Condensed-Matter Physics & Materials Science Seminar

The ground state of a superconductor is commonly described by a complex order parameter where the amplitude is a measure of the pair density (& energy gap), and the phase describes the long range order & supercurrent response to an applied field. Back in the early 70s at Bell Labs,
Testardi showed that laser light could be used to produce
non-equilibrium conditions in a superconductor. Pair-breaking by the laser resulted in an excess quasiparticle population and a decreased order parameter amplitude. A large number of studies followed to explore the ultra-fast dynamics of this non-equilibrium state, including the high-Tc cuprates. The NSLS has had an active program to study
non-equilibrium superconductivity by laser-pump, THz probe spectroscopy using pulsed synchrotron radiation.

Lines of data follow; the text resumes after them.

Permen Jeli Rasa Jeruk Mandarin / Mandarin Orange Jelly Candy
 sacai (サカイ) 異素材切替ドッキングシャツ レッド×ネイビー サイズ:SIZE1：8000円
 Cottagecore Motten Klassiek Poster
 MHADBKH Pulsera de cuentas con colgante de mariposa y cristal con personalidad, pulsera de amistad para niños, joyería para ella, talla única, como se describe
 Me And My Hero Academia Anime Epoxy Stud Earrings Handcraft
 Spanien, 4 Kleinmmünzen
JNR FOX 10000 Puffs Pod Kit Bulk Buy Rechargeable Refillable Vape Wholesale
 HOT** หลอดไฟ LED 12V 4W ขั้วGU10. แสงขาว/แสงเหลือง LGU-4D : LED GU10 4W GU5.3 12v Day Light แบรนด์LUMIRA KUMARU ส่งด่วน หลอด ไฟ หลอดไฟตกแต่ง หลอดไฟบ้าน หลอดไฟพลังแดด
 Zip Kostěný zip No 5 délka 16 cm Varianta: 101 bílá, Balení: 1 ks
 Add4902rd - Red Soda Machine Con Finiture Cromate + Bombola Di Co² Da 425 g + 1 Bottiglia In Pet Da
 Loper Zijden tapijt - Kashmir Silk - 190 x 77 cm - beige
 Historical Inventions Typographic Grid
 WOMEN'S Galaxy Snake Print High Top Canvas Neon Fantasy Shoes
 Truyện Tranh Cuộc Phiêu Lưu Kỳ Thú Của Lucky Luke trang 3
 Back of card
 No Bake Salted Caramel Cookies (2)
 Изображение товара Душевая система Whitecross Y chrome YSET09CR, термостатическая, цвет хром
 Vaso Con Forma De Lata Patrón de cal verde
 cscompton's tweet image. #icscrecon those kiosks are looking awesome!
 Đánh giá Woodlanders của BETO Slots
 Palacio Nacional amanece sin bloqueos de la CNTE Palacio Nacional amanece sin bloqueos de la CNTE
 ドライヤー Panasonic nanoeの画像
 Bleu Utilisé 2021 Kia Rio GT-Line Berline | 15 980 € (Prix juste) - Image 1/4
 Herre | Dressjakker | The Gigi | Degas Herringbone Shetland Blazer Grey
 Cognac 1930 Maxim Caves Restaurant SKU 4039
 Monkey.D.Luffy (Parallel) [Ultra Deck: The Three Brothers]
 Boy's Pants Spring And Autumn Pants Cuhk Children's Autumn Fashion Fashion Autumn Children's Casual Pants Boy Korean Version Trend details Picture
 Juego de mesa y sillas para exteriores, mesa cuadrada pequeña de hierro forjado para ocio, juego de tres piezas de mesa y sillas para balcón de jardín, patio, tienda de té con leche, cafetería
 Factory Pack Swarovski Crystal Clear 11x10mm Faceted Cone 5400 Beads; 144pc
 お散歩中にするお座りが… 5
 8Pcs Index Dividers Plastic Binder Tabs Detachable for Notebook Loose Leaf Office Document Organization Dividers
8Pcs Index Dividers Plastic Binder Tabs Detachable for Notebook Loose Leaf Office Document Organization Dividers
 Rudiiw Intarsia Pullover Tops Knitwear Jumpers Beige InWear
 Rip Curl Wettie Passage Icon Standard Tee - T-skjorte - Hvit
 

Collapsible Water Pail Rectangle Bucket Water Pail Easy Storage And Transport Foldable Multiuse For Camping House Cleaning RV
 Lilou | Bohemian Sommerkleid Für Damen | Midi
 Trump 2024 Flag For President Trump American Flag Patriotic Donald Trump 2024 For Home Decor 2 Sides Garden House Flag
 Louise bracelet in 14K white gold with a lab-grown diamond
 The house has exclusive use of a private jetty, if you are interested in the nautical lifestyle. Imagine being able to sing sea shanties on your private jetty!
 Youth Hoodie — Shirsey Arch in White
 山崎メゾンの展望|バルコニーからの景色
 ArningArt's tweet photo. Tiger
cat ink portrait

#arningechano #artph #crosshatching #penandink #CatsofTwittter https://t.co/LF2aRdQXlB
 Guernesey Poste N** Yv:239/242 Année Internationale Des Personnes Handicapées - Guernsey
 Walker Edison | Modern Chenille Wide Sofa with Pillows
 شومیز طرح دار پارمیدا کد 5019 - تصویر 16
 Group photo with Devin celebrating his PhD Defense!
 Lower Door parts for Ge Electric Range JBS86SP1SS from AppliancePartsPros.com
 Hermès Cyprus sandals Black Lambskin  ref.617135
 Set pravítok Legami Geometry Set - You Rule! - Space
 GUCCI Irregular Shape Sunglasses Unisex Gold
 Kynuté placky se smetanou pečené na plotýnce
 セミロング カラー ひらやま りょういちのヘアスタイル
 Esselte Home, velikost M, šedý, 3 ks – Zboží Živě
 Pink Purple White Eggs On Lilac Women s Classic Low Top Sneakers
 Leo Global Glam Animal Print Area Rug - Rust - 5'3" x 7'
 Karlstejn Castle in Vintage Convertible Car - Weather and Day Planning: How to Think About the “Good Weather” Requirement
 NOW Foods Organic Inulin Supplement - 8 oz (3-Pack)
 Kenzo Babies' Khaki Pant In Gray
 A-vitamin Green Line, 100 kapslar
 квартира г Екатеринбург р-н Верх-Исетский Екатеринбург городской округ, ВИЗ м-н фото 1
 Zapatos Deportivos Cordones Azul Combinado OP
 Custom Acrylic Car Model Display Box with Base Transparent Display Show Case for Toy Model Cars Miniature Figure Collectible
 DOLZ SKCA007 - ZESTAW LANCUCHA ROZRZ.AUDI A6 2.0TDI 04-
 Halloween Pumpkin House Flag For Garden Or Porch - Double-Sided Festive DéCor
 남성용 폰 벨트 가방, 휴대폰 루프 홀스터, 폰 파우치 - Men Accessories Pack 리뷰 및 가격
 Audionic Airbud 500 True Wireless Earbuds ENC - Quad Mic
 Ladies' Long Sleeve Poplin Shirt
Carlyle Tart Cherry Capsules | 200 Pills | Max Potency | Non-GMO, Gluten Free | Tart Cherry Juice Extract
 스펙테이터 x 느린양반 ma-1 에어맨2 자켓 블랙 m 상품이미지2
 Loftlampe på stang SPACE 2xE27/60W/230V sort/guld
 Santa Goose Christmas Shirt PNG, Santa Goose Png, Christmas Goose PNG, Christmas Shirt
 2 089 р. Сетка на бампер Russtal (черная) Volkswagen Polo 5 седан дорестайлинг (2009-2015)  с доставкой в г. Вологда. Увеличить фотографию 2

With the advent of linac-based sources of intense coherent THz pulses, a new type of non-equilibrium state for a superconductor can now be realized. The spectral content for such a pulse can be limited to photon energies below the threshold for pair-breaking, and the field strengths can be sufficiently large to drive large currents in the pair condensate, exceeding the critical current density on an ultra-fast time scale. In one sense, this corresponds to a state where the order parameter phase has been driven far from equilibrium - rather than the order parameter amplitude - resulting in the loss of long range order.
The nature of such a state and how it recovers is presently unknown.
This presentation will describe the NSLS Source Development Lab linac as a source of intense THz pulses and presents initial results for destroying superconductivity in a NbN film using a single sub-THz coherent pulse.